San Ireneo de Lyon (†202) enseñó constantemente el valor fundamental de la Tradición apostólica para establecer dónde reside la verdadera Tradición apostólica, que se fundaba en la sucesión ininterrumpida de los obispos desde los Apóstoles. Escribía: “Podemos enumerar a los obispos de las individuales iglesias particulares o diócesis, nombrados por los Apóstoles y sus sucesores hasta nuestros tiempos” (San Ireneo, Adv. haer., III, 3, 1). Esto significa que, en tiempos de San Ireneo, cada iglesia particular o diócesis tenía un obispo individual.
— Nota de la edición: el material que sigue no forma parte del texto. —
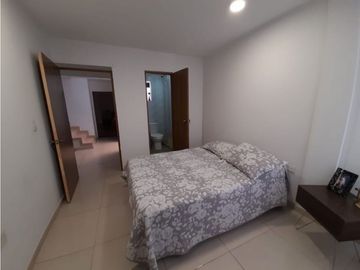 Se vende casa de dos pisos más terraza Las Américas Palmira Valle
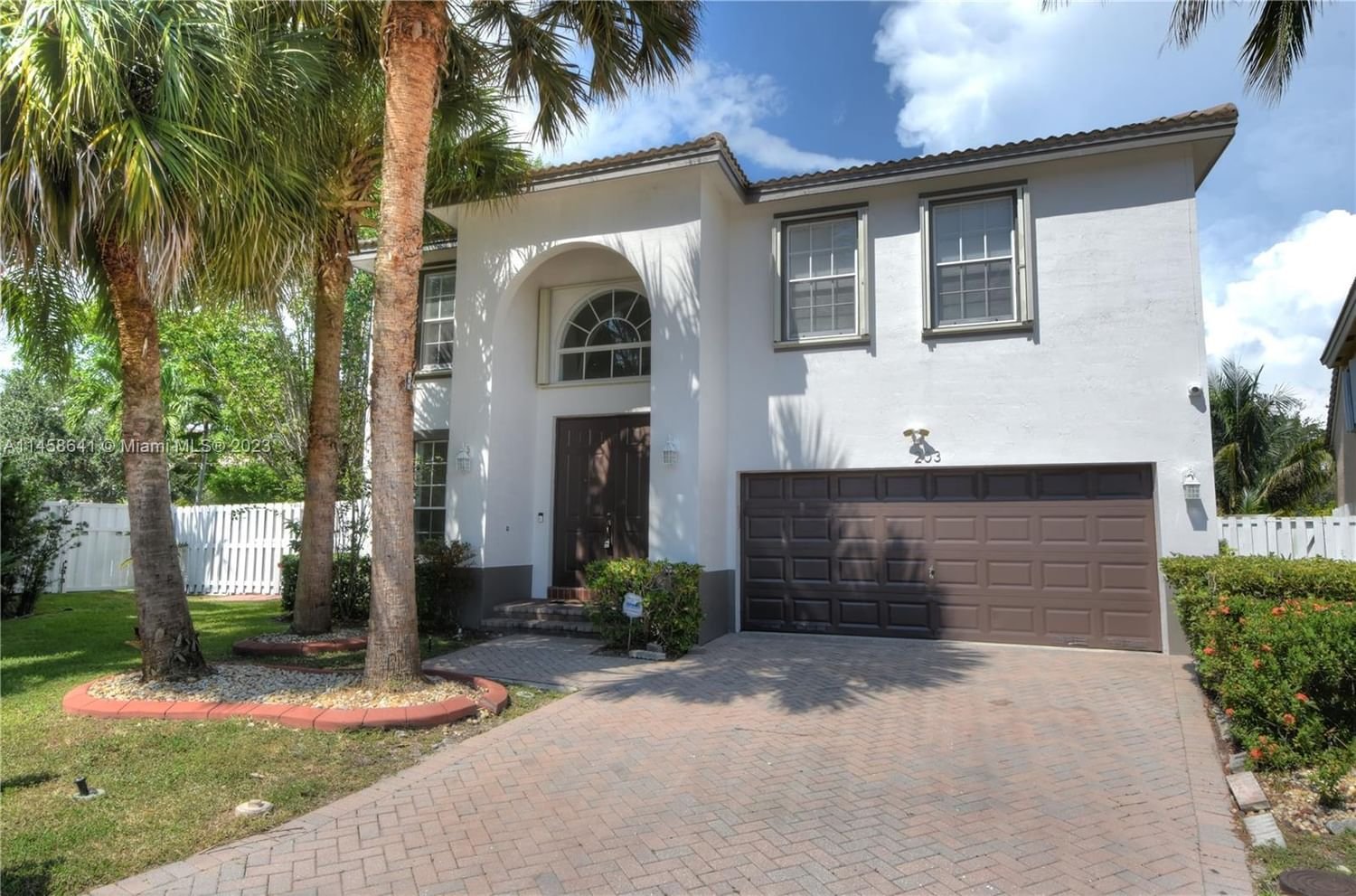 Real estate property located at 203 La Costa Ln, Broward County, BONAVENTURE, Weston, FL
Eusebio de Cesarea (265-339), en su Historia Ecclesiastica, escribe que, hacia el 150, los mono-epíscopos detentaban por todas partes el gobierno de las diócesis individuales. Narra que la herejía montanista[2] negaba la Iglesia jerárquica fundada sobre Pedro y los Apóstoles y sus sucesores (el Papa y los obispos) y la contraponía a la Iglesia profética (error retomado por el milenarismo joaquinita y por el carismatismo protestante). Los obispos individuales, en su diócesis y en concilios provinciales, combatieron esta herejía. Esto demuestra cómo el mono-episcopado era, no sólo existente, sino plenamente activo desde los primeros años de la Iglesia (Hist. Eccles., V, 3, 4 ss.; VI, 12, 1 ss.).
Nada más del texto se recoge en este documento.